**Brief:** For this exercise, the lines from the one with "Load image into" through the final line of the data below are to be transcribed exactly, and pictures are to be skipped.

*** Information provided

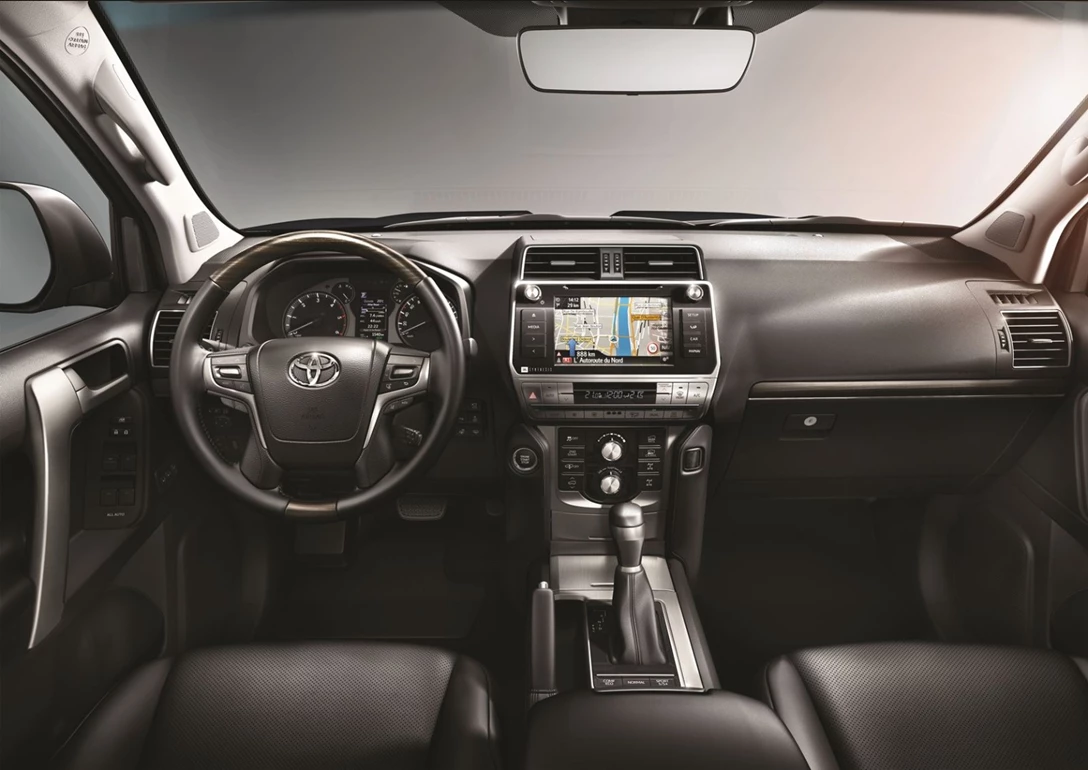 1590522-טויוטה לנד קרוזר מחודש (3).jpg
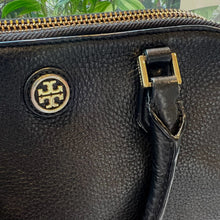 Load image into Gallery viewer, Tory Burch Black Pre-Owned Purse- Ladies
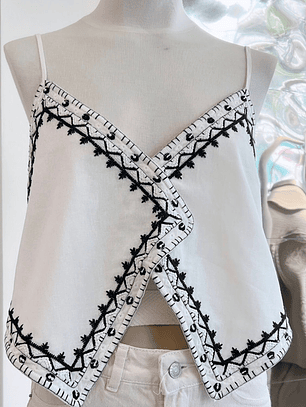 Top bordado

******

**Expected answer:**
 Load image into Gallery viewer, Tory Burch Black Pre-Owned Purse- Ladies
 Top bordado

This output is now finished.